The Center for Human-Compatible AI (CHAI) (website) is a research group based at UC Berkeley. CHAI works on developing “provably beneficial AI systems,” emphasizing representing uncertainty in AI objectives and getting AIs to defer to human judgment. Its research includes work on corrigibility, preference inference, transparency, oversight, agent foundations, robustness, and more. CHAI was founded by Stuart Russell.
The Centre for the Study of Existential Risk (CSER) (website) at the University of Cambridge focuses on interdisciplinary research to mitigate existential threats, including those from biotechnology, climate change, global injustice, and AI. From 2018–2021, CSER's research focused on "generality" in AI, including the definition of generality, the relationship between generality and computing power, and the tradeoffs between generality and capability. CSER collaborates with the Leverhulme Centre for the Future of Intelligence on AI:FAR. CSER was co-founded by Martin Rees, Jaan Tallinn and Huw Price.
The MIT Algorithmic Alignment Group (website) is part of the Embodied Intelligence group at the MIT Computer Science and Artificial Intelligence Laboratory. Its alignment research spans many areas including interpretability, human-AI interaction, and multi-agent systems. The group is led by Dylan Hadfield-Menell
The NYU Alignment Research Group (website) is a research group, which overlaps and works with other groups at NYU, that does “empirical work with language models that aims to address longer-term concerns.” Its research agenda includes work on scalable oversight like debate, amplification, and recursive reward modeling; studying the behavior of language models;, and design of experimental protocols that test for alignment. The group is led by Sam Bowman.

AI Companies

Anthropic (website) was founded in 2021. It is known for developing the Claude family of large language models. Anthropic's portfolio of approaches to AI alignment includes Constitutional AI (which Anthropic developed) as well as reinforcement learning from human feedback (RLHF), interpretability, activation steering, and automated red-teaming. It is led by Dario and Daniela Amodei.
Google DeepMind (website) formed in 2023 from a merger of DeepMind and Google Brain.

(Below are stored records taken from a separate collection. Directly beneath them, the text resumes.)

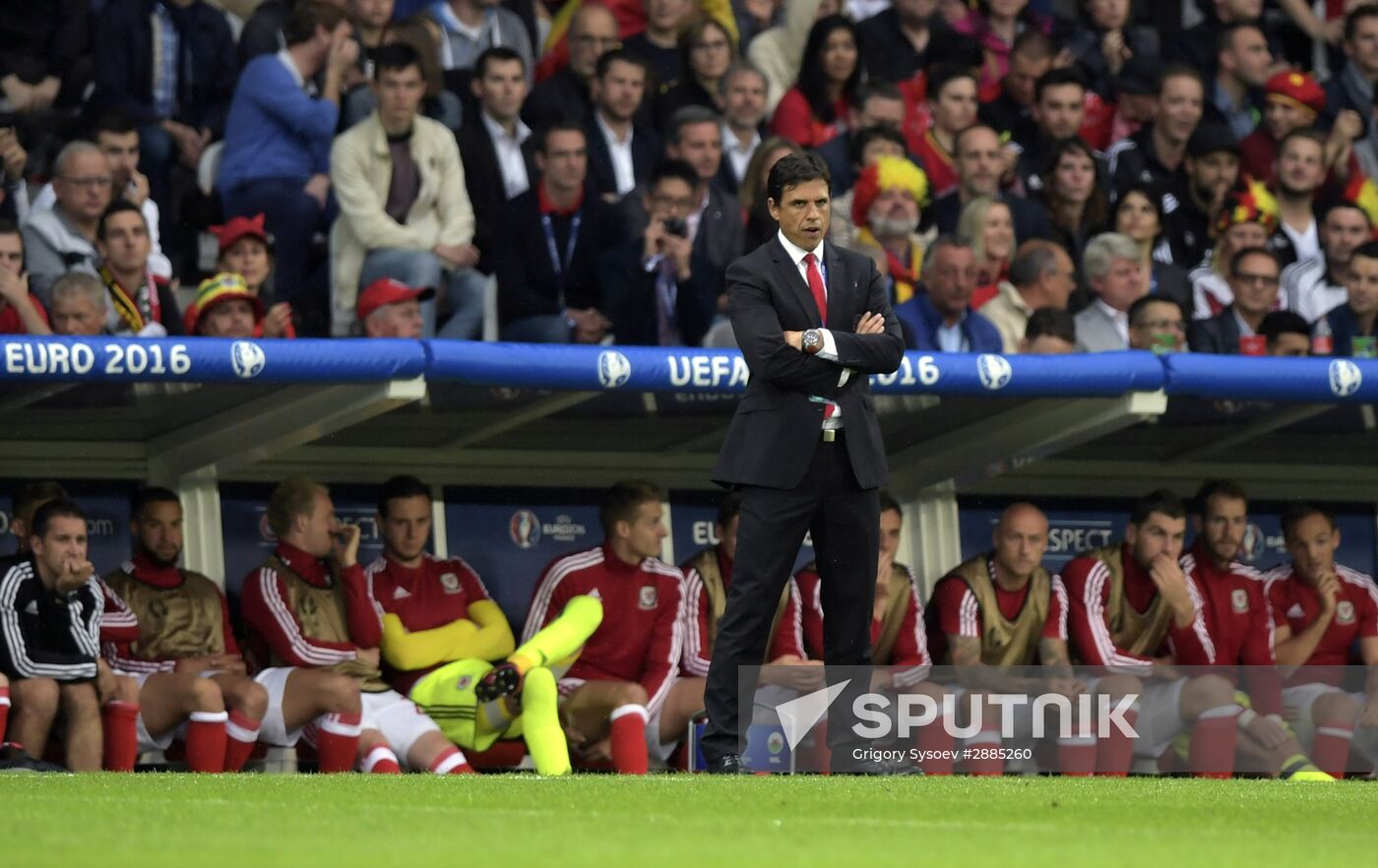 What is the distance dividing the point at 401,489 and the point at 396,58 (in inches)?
89.4

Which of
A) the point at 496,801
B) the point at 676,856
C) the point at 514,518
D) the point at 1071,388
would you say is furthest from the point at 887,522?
the point at 676,856

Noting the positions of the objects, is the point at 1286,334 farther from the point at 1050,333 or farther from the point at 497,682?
the point at 497,682

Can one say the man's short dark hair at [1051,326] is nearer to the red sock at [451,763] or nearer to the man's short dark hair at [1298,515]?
the man's short dark hair at [1298,515]

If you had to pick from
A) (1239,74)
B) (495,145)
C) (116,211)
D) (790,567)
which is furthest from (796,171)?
(1239,74)

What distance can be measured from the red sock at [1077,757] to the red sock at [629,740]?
1.76 m

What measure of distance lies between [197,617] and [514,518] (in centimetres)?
179

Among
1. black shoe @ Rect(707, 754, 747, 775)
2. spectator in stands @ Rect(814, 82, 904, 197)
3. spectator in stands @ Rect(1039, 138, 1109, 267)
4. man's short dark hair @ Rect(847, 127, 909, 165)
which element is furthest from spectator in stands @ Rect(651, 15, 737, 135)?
black shoe @ Rect(707, 754, 747, 775)

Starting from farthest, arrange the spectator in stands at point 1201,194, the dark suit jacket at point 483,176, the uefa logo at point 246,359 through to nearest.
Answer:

Its products include AlphaGo (which defeated top Go player Lee Sedol in 2016), AlphaFold (which predicts protein structures) and AlphaStar (which plays the video game StarCraft II). It also provides Gemini, an LLM-based chatbot/assistant. Google DeepMind's alignment research includes work on model evaluation, value learning, task decomposition, and robustness. Its CEO is Demis Hassabis.
OpenAI (website), founded in 2015, is probably best known for introducing the generative pre-trained transformer (GPT) architecture for LLMs and for the chatbot ChatGPT. It has also created DALL-E (a text-to-image generator), SORA (a text-to-video generator), and a number of other generative AI models in other domains. OpenAI's alignment work focuses on human feedback, scalable oversight, and automating alignment research. Its CEO is Sam Altman.

Defunct Organizations

The Future of Humanity Institute (FHI) (website) was an Oxford University research center, which is now defunct. It had five research groups, which included AI safety, AI governance, and “digital minds” alongside macrostrategy and biosecurity. Its AI safety work included work on identifying principles to guide AI behavior and detecting novel risks, alongside work on governance. FHI was directed by Nick Bostrom.